Ok, so we try to avoid all processed foods as much as we can, but occasionally canned soup or granola bars just do manage to make their way into my life (gasp!). Lately I've noticed that many products that are marketed as "natural" (such as some granola bars) contain brown rice syrup instead of corn syrup. Can anyone point me in the direction of some information about brown rice syrup that wasn't sponsored by the rice syrup or corn syrup industry? If it's just corn syrup that starts out as a different starch, I want to know.

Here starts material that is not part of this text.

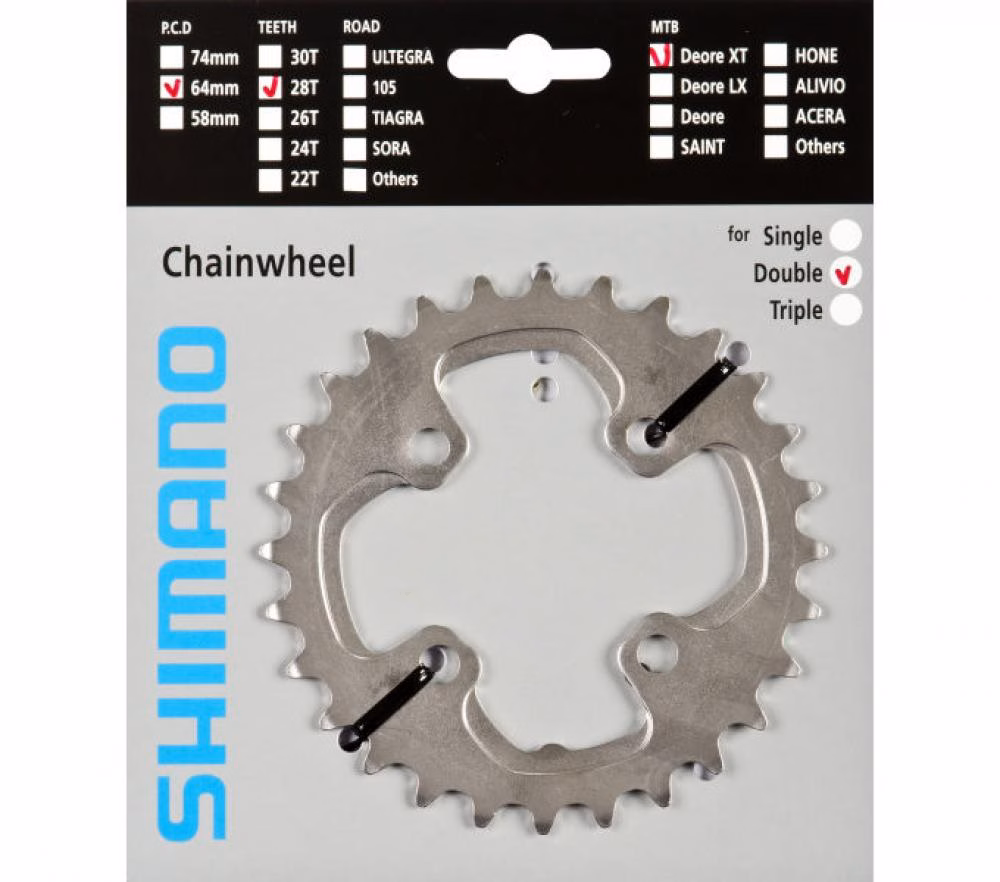 Shimano XT FC-M785 Kettenblatt 28 Zähne silber - präziser Antrieb für 2x10-fach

Also, I'm onto the way that many brands are starting to replace MSG in their canned soups with "yeast extract," which is a sneaky way of still putting MSG in there (MSG being a very tasty byproduct of yeast extract). I like to eat Amy's Kitchen soups every now and then (yes, I know I'm going to sodium hell and that soup isn't that hard to make from scratch...please don't derail my thread to lecture me), and I recently noticed some of the labels list "spices" but don't say what they are. On a can of Chunky Vegetable, all ingredients are listed by name AND the words "no MSG" appear on the label. On a can of Southwest Vegetable, "spices" are not enumerated, and the label doesn't not say anything about not containing MSG.

The Amy's website says:
Q. Do your foods contain MSG?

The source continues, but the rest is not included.